* Exercise instructions
Return exactly those lines of the material below that fall between the line holding "printed cotton v-neck" and the line holding "R. Molin Oil", inclusive.

* The input

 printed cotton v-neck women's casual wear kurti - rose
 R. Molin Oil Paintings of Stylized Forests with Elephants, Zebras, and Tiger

==

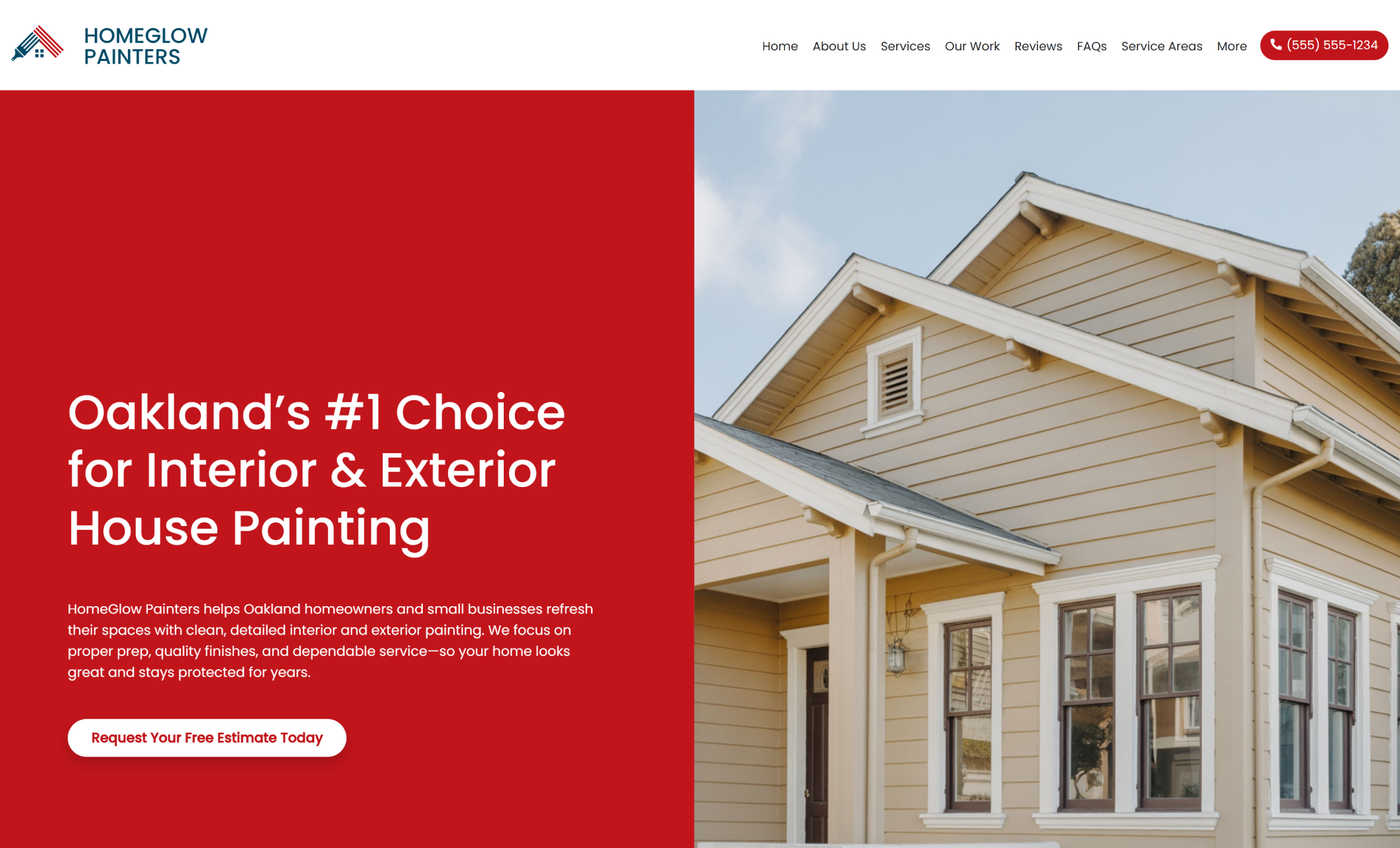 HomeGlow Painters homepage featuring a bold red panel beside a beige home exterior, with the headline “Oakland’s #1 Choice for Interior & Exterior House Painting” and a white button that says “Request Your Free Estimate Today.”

* Response area
 printed cotton v-neck women's casual wear kurti - rose
 R. Molin Oil Paintings of Stylized Forests with Elephants, Zebras, and Tiger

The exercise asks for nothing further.